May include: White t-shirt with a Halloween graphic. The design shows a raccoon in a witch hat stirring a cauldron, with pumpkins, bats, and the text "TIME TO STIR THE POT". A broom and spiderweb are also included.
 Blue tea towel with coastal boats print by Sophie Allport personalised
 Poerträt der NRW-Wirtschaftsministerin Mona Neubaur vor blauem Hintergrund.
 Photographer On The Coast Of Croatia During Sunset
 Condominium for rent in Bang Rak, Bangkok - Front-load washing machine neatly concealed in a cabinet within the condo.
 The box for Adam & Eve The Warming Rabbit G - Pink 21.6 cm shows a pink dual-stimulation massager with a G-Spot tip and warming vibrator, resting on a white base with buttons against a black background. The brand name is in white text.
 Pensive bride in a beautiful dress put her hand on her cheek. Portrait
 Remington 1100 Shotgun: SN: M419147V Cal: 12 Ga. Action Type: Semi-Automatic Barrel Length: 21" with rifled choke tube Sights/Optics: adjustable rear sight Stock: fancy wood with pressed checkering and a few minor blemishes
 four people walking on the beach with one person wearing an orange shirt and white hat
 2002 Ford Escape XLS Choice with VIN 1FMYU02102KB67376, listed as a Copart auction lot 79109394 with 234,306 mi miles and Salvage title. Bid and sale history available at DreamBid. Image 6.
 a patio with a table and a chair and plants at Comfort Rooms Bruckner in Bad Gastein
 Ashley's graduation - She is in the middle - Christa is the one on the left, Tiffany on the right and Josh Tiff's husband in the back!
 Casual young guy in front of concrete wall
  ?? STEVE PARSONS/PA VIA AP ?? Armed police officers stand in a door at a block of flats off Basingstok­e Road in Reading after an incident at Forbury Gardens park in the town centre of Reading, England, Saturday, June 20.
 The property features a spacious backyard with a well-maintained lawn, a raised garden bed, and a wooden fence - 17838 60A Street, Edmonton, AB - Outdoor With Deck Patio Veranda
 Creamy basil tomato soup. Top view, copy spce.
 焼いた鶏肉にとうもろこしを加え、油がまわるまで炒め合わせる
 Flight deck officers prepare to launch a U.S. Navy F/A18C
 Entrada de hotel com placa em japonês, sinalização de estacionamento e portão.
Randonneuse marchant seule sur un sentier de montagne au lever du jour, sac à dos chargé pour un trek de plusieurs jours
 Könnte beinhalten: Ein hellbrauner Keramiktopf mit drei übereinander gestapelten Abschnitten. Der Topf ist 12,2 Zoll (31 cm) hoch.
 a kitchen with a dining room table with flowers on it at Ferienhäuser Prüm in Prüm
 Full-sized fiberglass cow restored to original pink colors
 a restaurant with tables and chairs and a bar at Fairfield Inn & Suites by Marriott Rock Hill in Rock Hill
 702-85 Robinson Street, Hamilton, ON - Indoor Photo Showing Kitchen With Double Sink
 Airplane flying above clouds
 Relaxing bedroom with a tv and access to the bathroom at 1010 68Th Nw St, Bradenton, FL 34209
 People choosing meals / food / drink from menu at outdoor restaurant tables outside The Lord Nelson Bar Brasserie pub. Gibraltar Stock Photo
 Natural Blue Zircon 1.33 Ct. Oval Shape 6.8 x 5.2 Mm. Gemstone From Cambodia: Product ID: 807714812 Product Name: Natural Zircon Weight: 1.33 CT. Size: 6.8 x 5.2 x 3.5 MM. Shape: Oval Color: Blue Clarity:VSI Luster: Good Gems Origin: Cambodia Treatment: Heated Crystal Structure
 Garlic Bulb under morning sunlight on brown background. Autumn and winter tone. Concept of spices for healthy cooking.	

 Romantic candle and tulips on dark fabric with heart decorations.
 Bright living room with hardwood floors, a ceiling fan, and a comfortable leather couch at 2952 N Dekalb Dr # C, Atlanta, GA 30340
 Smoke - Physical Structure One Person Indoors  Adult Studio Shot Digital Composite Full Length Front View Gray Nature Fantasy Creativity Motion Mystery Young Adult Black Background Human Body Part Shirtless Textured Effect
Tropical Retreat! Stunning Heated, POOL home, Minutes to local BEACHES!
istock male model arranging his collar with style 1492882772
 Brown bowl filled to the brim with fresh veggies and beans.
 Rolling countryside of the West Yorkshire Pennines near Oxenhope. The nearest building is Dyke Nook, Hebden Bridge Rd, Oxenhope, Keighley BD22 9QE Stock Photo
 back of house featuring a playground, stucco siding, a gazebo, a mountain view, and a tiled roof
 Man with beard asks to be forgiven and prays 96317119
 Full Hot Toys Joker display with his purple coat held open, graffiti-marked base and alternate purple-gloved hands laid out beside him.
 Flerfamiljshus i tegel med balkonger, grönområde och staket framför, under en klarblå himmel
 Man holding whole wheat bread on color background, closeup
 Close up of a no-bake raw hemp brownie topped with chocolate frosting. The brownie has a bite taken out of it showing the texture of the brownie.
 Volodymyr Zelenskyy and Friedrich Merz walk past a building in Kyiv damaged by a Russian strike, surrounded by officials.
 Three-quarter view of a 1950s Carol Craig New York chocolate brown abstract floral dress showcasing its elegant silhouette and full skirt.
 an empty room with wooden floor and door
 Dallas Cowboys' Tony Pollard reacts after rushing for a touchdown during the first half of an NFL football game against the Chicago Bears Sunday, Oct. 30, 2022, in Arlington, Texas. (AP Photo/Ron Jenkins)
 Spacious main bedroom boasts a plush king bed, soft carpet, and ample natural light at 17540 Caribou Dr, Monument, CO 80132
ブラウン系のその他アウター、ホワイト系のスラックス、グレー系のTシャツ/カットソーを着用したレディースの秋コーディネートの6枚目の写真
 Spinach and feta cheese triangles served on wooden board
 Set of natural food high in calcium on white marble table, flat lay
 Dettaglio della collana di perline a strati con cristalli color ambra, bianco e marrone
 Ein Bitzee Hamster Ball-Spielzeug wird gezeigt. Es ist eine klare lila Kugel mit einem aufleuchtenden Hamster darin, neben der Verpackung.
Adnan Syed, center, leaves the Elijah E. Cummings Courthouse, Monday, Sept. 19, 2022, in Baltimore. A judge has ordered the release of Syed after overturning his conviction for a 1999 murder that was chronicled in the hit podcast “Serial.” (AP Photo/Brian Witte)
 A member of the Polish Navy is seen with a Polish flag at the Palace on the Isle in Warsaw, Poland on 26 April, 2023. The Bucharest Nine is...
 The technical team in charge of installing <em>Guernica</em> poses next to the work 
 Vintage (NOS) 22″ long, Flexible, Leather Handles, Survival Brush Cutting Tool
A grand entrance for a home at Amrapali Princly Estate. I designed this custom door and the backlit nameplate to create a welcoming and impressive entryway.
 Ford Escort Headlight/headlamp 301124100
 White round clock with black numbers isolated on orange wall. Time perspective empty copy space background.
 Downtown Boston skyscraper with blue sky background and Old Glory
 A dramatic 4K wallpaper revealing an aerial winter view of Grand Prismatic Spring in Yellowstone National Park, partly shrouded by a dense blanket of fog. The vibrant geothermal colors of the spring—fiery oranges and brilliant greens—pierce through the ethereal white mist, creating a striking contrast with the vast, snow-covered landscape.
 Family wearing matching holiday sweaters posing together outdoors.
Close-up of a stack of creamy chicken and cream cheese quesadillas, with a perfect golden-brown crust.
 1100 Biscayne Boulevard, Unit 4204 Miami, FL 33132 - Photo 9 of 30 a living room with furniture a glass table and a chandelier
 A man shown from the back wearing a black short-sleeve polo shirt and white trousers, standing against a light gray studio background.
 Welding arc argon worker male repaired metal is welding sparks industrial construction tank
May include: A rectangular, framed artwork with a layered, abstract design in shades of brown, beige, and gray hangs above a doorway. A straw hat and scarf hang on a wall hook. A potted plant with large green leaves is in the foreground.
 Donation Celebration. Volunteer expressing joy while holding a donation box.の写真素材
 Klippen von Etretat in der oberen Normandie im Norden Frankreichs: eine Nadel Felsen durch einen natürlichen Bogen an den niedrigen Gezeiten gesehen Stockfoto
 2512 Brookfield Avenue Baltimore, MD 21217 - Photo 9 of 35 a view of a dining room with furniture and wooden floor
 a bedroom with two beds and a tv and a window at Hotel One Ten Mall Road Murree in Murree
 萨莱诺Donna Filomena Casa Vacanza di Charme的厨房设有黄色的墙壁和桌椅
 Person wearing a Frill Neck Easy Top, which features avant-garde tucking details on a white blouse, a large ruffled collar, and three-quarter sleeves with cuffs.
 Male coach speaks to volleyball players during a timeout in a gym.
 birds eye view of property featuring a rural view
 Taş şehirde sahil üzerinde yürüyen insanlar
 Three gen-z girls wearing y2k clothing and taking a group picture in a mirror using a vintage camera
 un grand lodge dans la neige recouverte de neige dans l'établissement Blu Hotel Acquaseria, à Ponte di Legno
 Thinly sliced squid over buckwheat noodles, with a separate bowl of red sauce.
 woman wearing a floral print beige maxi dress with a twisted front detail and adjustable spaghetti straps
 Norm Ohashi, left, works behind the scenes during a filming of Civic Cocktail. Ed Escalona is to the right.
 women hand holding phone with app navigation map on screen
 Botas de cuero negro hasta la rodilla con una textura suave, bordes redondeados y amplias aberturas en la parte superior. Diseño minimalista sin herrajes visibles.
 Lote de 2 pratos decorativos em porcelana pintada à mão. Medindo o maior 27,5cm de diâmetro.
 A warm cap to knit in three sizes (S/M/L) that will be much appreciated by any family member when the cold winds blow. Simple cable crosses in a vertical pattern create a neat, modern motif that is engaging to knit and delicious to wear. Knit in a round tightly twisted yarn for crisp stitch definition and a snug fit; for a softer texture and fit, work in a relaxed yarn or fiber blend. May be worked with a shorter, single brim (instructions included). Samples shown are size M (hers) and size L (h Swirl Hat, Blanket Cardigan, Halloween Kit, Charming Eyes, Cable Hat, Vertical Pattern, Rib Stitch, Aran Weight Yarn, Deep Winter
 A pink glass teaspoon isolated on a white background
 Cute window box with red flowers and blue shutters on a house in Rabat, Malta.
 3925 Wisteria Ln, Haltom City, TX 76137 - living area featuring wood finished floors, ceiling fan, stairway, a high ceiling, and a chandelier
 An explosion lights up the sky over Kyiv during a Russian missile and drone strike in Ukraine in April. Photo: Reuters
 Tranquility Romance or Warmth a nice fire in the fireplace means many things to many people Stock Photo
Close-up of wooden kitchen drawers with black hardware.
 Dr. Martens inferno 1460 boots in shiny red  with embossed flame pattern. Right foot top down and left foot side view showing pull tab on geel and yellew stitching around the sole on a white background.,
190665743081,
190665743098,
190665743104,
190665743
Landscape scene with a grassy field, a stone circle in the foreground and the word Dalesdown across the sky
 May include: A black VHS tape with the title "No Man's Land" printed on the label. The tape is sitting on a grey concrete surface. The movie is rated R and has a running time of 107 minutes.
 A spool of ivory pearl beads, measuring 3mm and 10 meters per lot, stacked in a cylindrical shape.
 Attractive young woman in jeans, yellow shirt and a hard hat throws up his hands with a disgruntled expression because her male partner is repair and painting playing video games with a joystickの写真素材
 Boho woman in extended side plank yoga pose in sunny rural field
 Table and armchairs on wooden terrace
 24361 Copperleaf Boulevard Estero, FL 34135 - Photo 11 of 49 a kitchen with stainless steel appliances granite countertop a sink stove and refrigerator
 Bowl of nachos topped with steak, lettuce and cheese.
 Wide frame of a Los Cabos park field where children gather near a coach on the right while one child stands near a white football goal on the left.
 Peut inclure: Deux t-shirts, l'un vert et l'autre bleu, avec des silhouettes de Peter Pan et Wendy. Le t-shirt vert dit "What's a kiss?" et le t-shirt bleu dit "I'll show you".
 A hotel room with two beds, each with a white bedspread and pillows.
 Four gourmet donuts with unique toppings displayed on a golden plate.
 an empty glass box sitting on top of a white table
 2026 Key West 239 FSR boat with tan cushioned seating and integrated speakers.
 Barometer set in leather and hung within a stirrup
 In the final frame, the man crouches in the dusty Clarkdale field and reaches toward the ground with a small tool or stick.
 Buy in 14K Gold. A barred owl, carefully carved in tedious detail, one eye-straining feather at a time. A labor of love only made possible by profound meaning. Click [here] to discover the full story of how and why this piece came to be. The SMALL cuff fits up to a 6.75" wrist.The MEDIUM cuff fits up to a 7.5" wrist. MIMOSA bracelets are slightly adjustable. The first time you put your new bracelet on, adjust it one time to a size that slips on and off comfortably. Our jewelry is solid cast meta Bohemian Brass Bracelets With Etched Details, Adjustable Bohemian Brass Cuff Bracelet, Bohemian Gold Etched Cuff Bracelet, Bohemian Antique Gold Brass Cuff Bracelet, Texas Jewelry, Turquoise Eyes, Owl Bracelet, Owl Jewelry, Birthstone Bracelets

==*==

How to complete this task:
Copy every line from the records that holds the string "tables".

Expected output:
 a restaurant with tables and chairs and a bar at Fairfield Inn & Suites by Marriott Rock Hill in Rock Hill
 People choosing meals / food / drink from menu at outdoor restaurant tables outside The Lord Nelson Bar Brasserie pub. Gibraltar Stock Photo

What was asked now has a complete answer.